What is something your parents said to you that may have not been a big deal, but they will never know how much it affected you?

this brought back a really similar memory of mine i'd totally forgotten about.

on some random vacation with the extended family, we were all sitting down to dinner and, being a fidgety tween, I ended up sitting with my legs folded under me - mostly because that's the position I was in when a box of hush puppies came within arm's reach and that was all I cared about after that point. my dad noticed, got extremely alarmed, and told me not to sit like that - when i asked why, he got uncharacteristically evasive and said something like "it's girly, people will think you're, you know, [some euphemism for gay i don't totally remember]". there was a pretty awkward silence, i became aware everyone was looking at me, and a few uncomfortable seconds later the conversation moved on to something else. it's dawning on me that that was the first time:

  • i realized i might be gay
  • i thought that being gay was bad
  • my dad apparently agreed on some level

now as it turns out, i'm lucky enough to have pretty great parents that were barely phased when i came out to them 5 years later, and have been entirely supportive of, if slightly awkward about, my sexuality ever since - which is what makes that memory so weird to me. granted, it was 5 years earlier, public attitudes just had a ways to go still, but my parents had been good friends with a lesbian couple since before i was born. i later learned my dad had written pretty extensively for a gay magazine when he was low on cash in his 20s. this wasn't a new world to him or my mom.
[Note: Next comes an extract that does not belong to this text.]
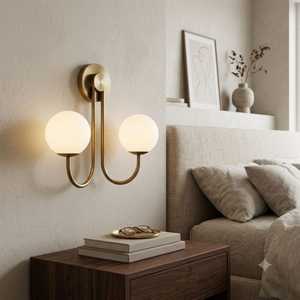 Minimalist Brass Wall Sconce Round Globe Light Indoor Modern Home Decor Living Room Fixture Warm Glow Lighting - Product Image 6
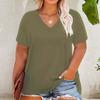 Женская футболка с V-образным вырезом, коротким рукавом, свободный крой, однотонная, повседневная, дышащая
he was a less-great person back then, though, and had some anger issues which sort of messed me up a little as a kid (he got better). i dunno. i think i'm just going to be content with my parents and the people they are in 2017. do any other gay guys have stories like this? maybe it's something everyone's dad does at some point. (although /u/LilymonX, i don't mean to suggest for a second that the way your dad treated you wasn't 100% abuse and just plain old dishonest and shitty; screw him. hope you're doing better these days.)

also: i'm masculine-ish, and i do the crossed-legs thing all the time. for me, it's the first move in the incredibly awkward social dance of "this guy in a professional setting is hot and possibly gay, how do i confirm he is gay and then also let him know i'm gay without directly asking or saying either of those things".